§ **INSTRUCTIONS FOR THE TASK**
Your task is to retype, exactly and only, the lines from the one containing "We scroll up" to the final line of the entries, leaving out all pictures.

___ INPUT FOR THIS TASK

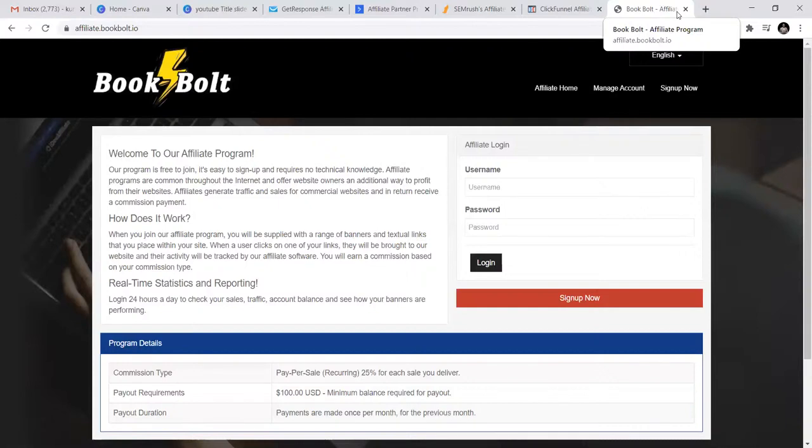In one of the videos, I'm going to do how to use Pinterest to market your affiliate links, how to use Quora, how to use Medium, how to just market your products for free.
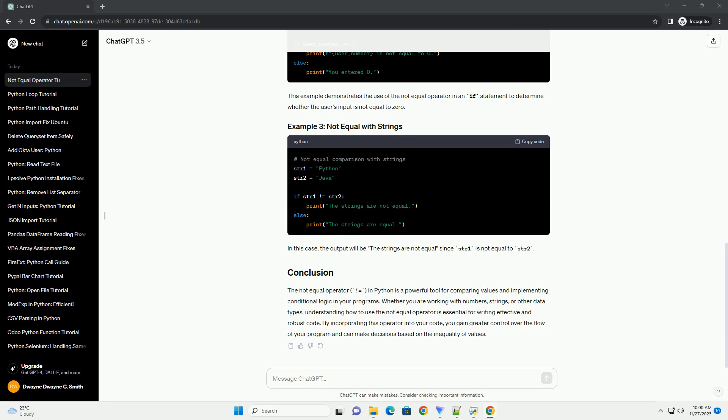In this case, the output will be the strings are not equal since str1 is not equal to str2.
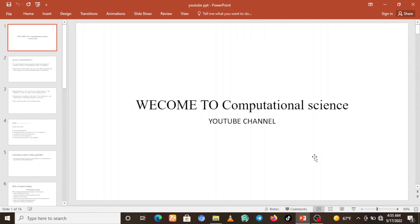Welcome to the Computational Science YouTube channel. In our two-day classes, we are going to see how to write a best report. How we can write a report in physics, in chemistry, in biology — actually for beginners and fresh students. To write best reports, be with us and follow this channel.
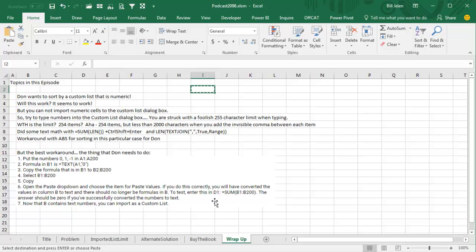Don, one of the crazier questions I've ever heard in Excel, and we've uncovered at least two, definitely one bug in Excel that the custom list dialog box won't allow more than 255 characters, and then this bizarre thing that they apparently will sort a custom list by numbers, but they won't let you import numbers. So I'm going to call that bug number two, and then this workaround here. I want to thank Don for sending that question in, and if you hung around this long, I want to thank you for stopping by. We'll see you next time for another netcast from MrExcel.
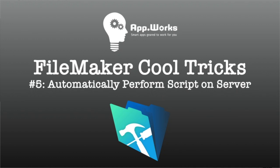Hi there, this is David from AppWorks, and I'm going to do another cool trick video today.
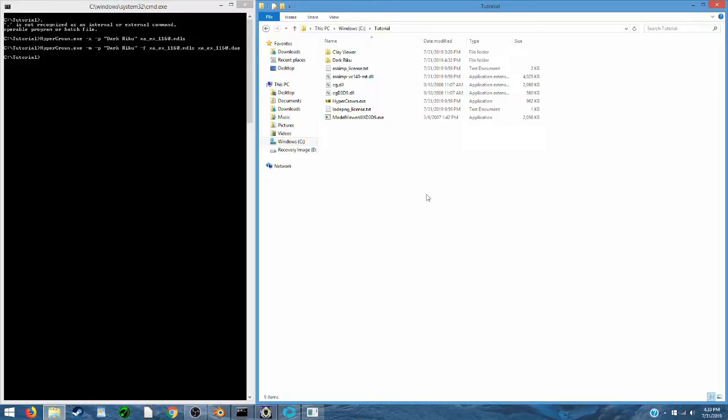Hey everyone, I'm someone from the dark and today I have a tutorial video for you. I'm going to be showing you how to create custom models in Kingdom Hearts 1 using Blender and Hypercrown.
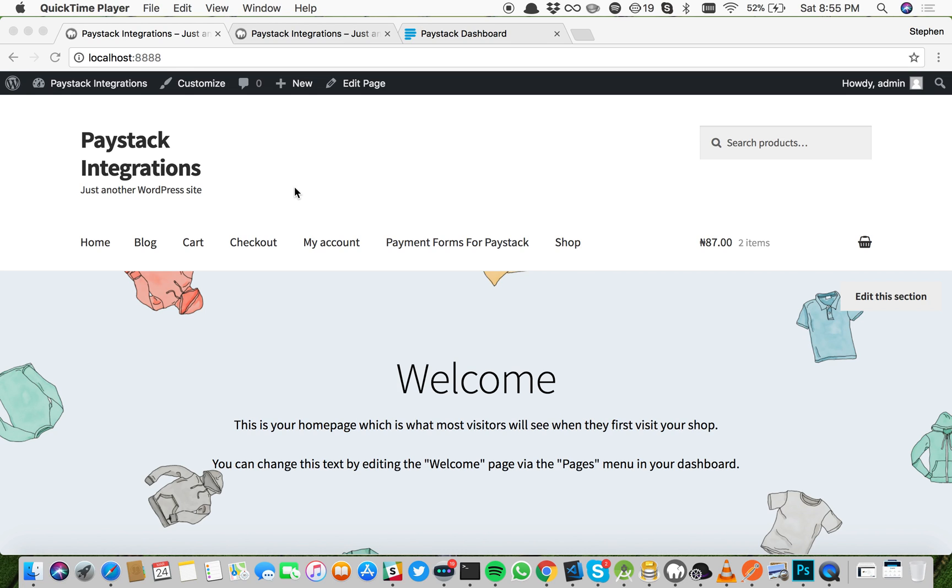Hello there, I'm Steven and I'm going to be walking you through how to set up Paystack on your WooCommerce enabled site. To set up Paystack for WooCommerce, the first thing you need to do is install the WooCommerce plugin.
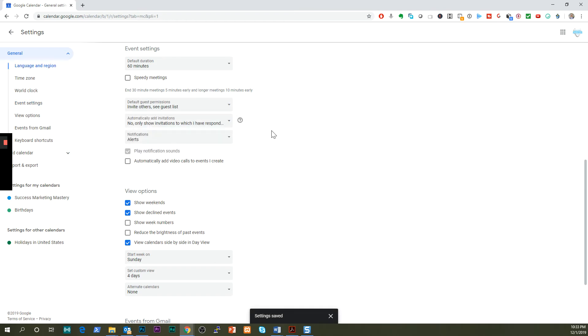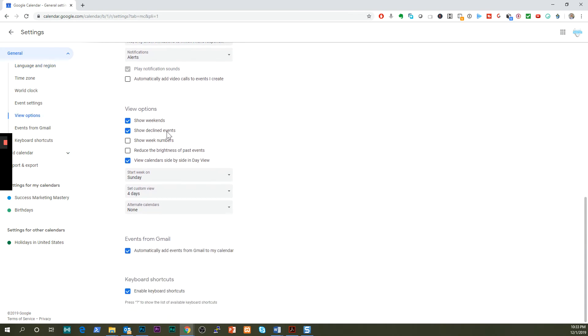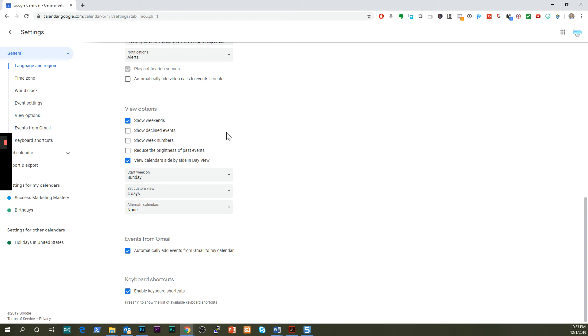You don't want to automatically accept the invitations. Then you're going to click view options and you're going to remove here the show declined events. You actually don't want the events that you have declined, so in this case all the ones that you don't want to appear on your Gmail.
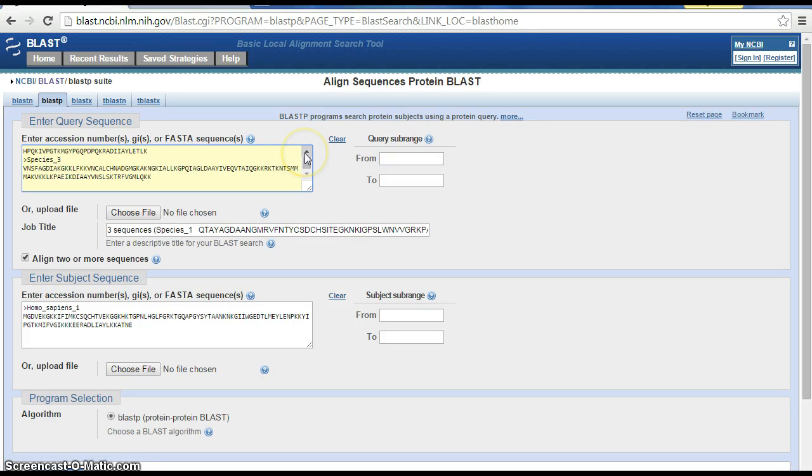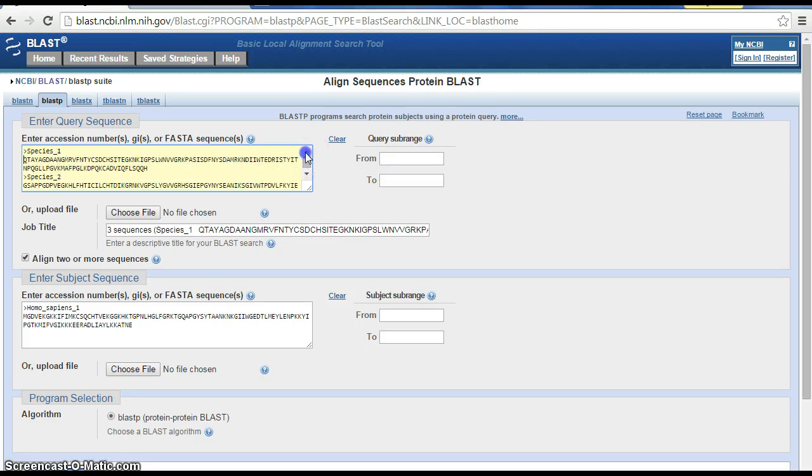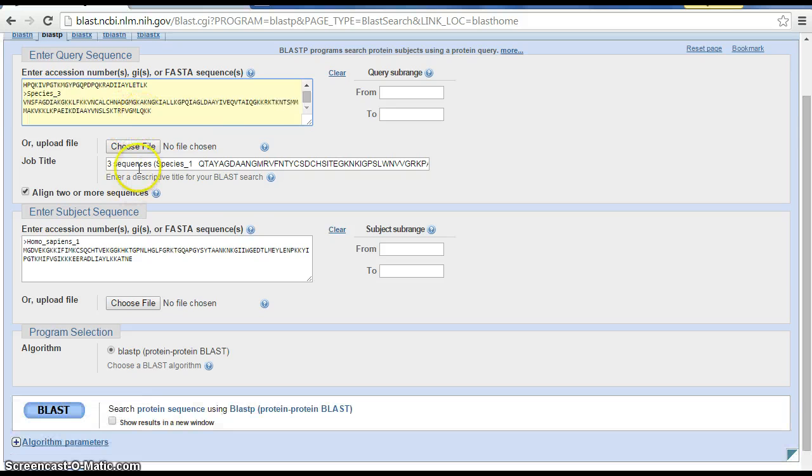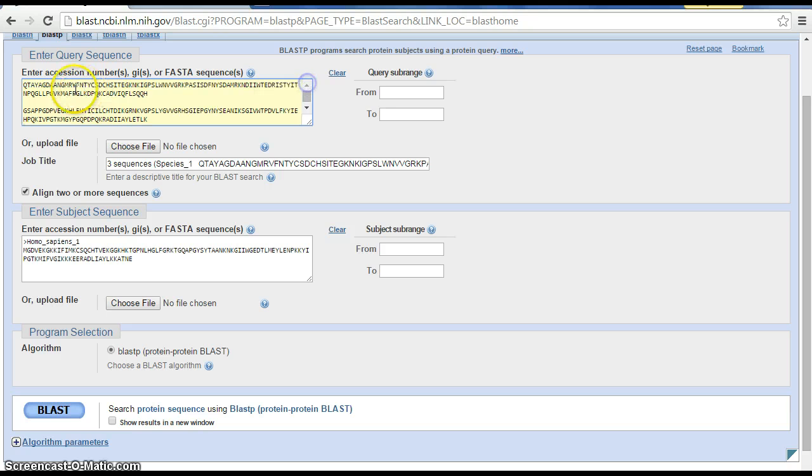We scroll up and get rid of the names, so we're left with just the amino acid sequences. We'll remember that we put them in an order of species one, two, and three, and let's go ahead and BLAST.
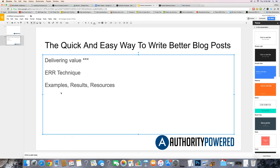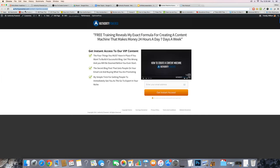If you want to learn more about my content creation process, you can access my Content Machine training — it's 100% free. Check it out over at authoritypower.com. You're going to learn a lot of good stuff in there, and you'll also hear about my Authority Power Lab when you watch that training. Make sure you check it out and I will talk to you soon.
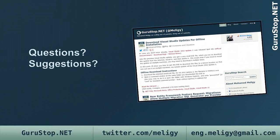This was Mohamed Meligy in another quick tip video. If you want to see more videos like this, please suggest any topic you want to me. You can contact me via my blog GuruStop.NET, Twitter at Meligy, or email me at eng.meligy@gmail.com. Thank you very much for watching.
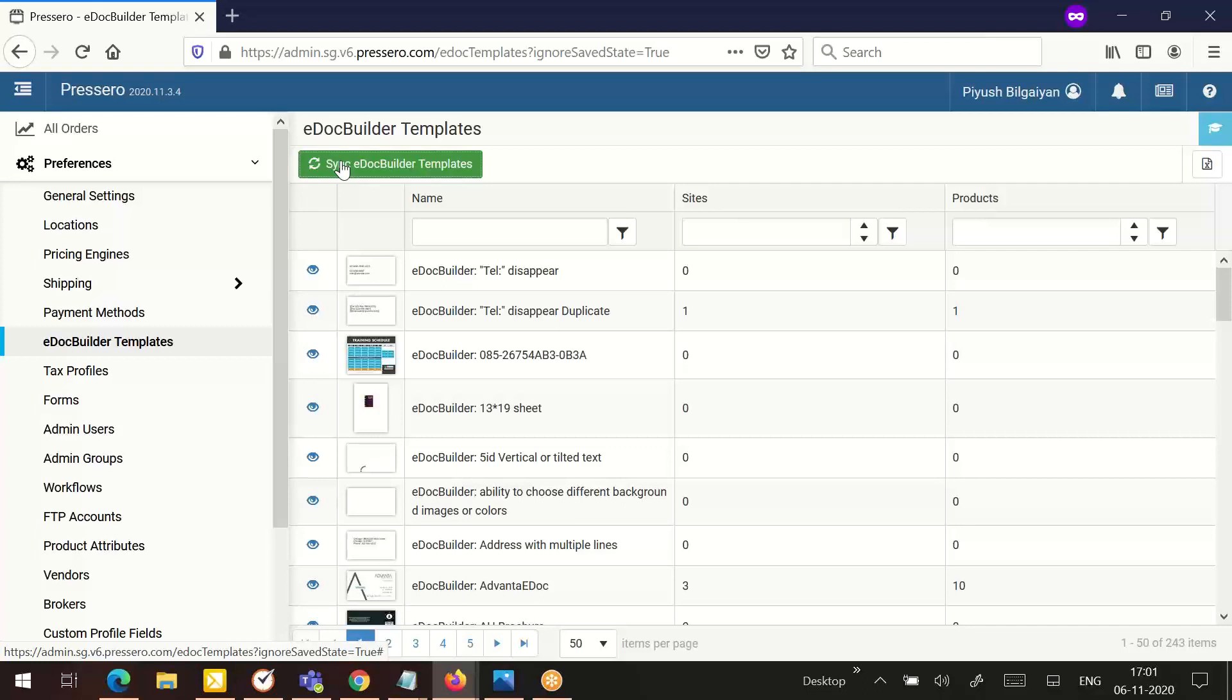The e-doc builder template list view displays the templates by name, shows a preview of the template, and displays the number of sites to which the template is associated. Use the fields at the top of each column to sort.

______

§ **SOLUTION TO THIS EXERCISE**
We scroll up and get rid of the names, so we're left with just the amino acid sequences. We'll remember that we put them in an order of species one, two, and three, and let's go ahead and BLAST.
If you want to learn more about my content creation process, you can access my Content Machine training — it's 100% free. Check it out over at authoritypower.com. You're going to learn a lot of good stuff in there, and you'll also hear about my Authority Power Lab when you watch that training. Make sure you check it out and I will talk to you soon.
This was Mohamed Meligy in another quick tip video. If you want to see more videos like this, please suggest any topic you want to me. You can contact me via my blog GuruStop.NET, Twitter at Meligy, or email me at eng.meligy@gmail.com. Thank you very much for watching.
The e-doc builder template list view displays the templates by name, shows a preview of the template, and displays the number of sites to which the template is associated. Use the fields at the top of each column to sort.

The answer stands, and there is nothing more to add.